▶ [TASK ITEM]
From the line that contains "Schal, Seide Kollektion UNI C1 - Cyan" down to the last line of the entries, please return everything exactly, except the pictures.

▶ [RECORDS TO PROCESS]
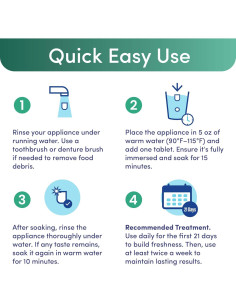 Tabletas Limpiadoras Dentales Denttach Clean - 1 Paquete 330g 2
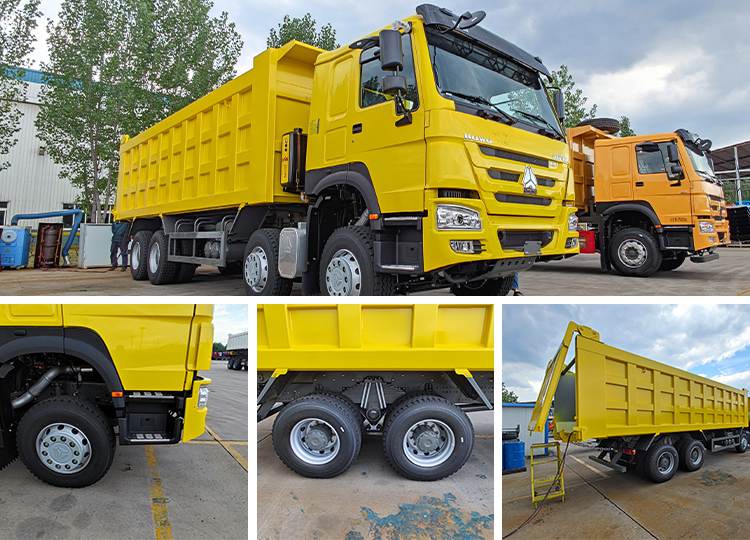 Guangzhou Used Trucks Sinotruk Howo 8x4 Tipper Truck for Sale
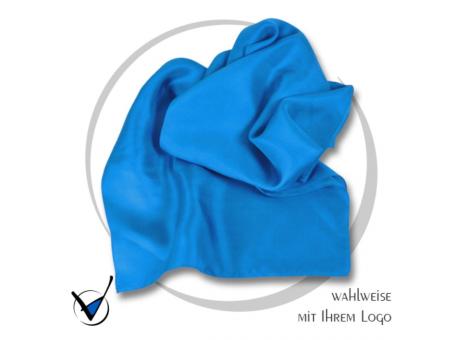 Schal, Seide Kollektion UNI C1 - Cyan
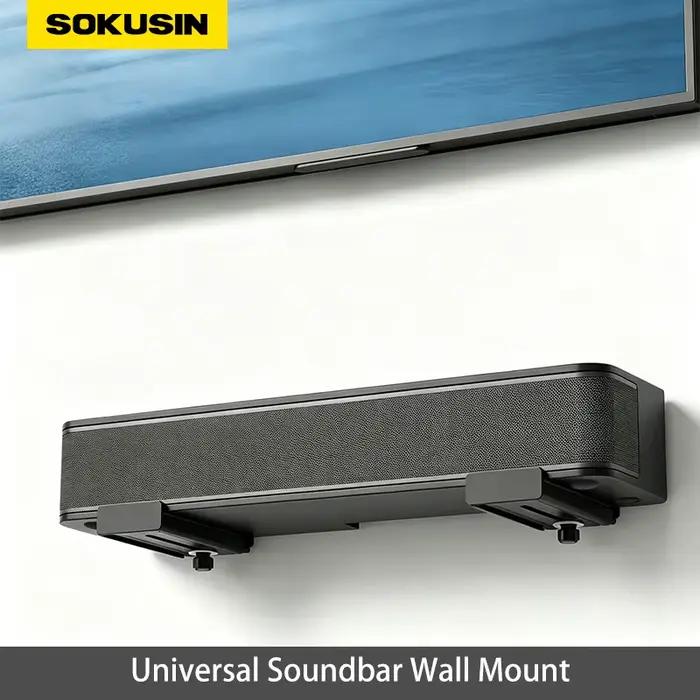 Support Mural Universel Réglable SOKUSIN Pour Barre de Son TV Compatible Avec Samsung Sony Bose LG Sonos Occasions Spéciales Salon Décoratif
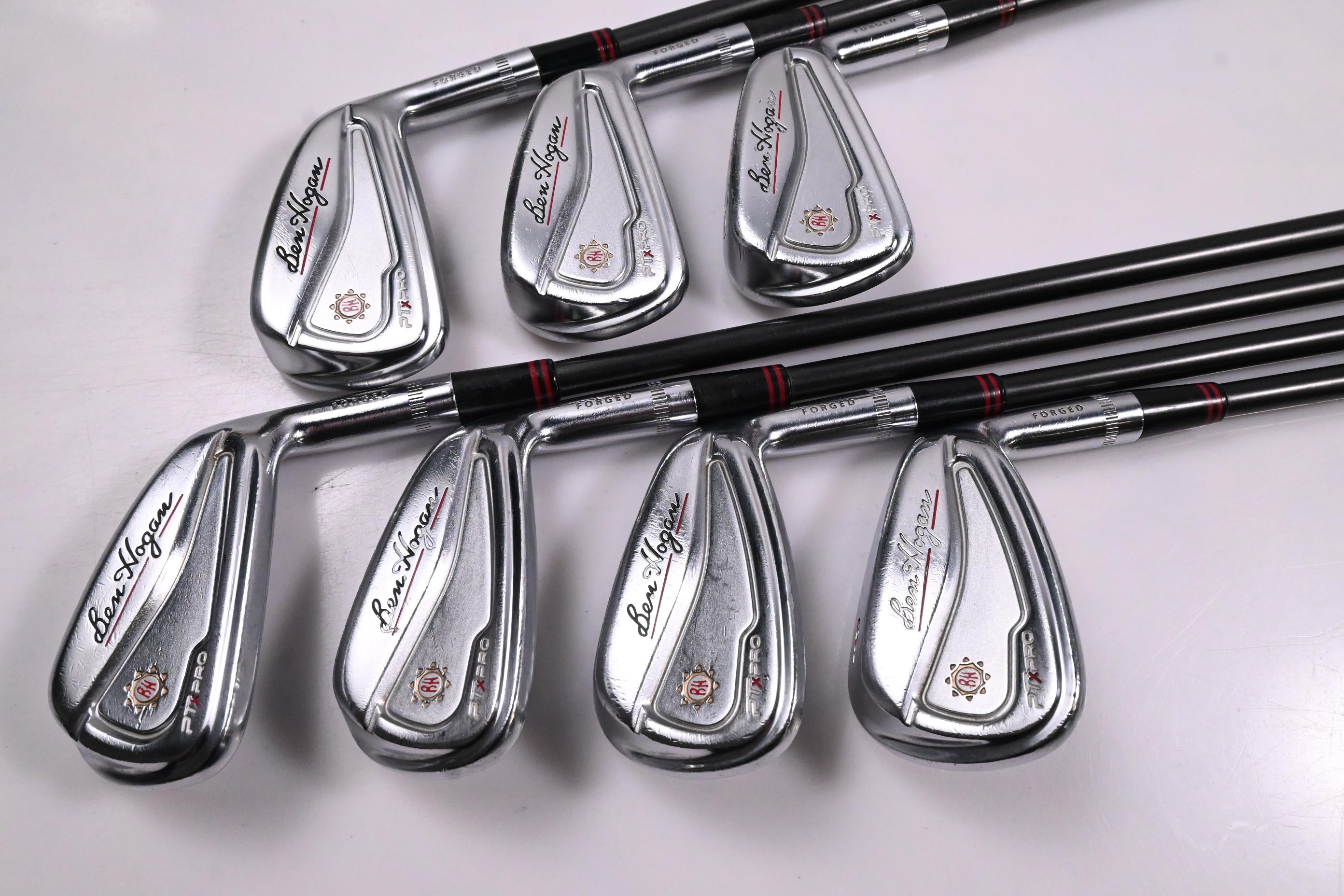 Ben Hogan PTX Pro Irons / 4-PW / Senior Flex UST Recoil ES 760 Shafts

▶ [EXERCISE OUTPUT]
 Schal, Seide Kollektion UNI C1 - Cyan
 Support Mural Universel Réglable SOKUSIN Pour Barre de Son TV Compatible Avec Samsung Sony Bose LG Sonos Occasions Spéciales Salon Décoratif
 Ben Hogan PTX Pro Irons / 4-PW / Senior Flex UST Recoil ES 760 Shafts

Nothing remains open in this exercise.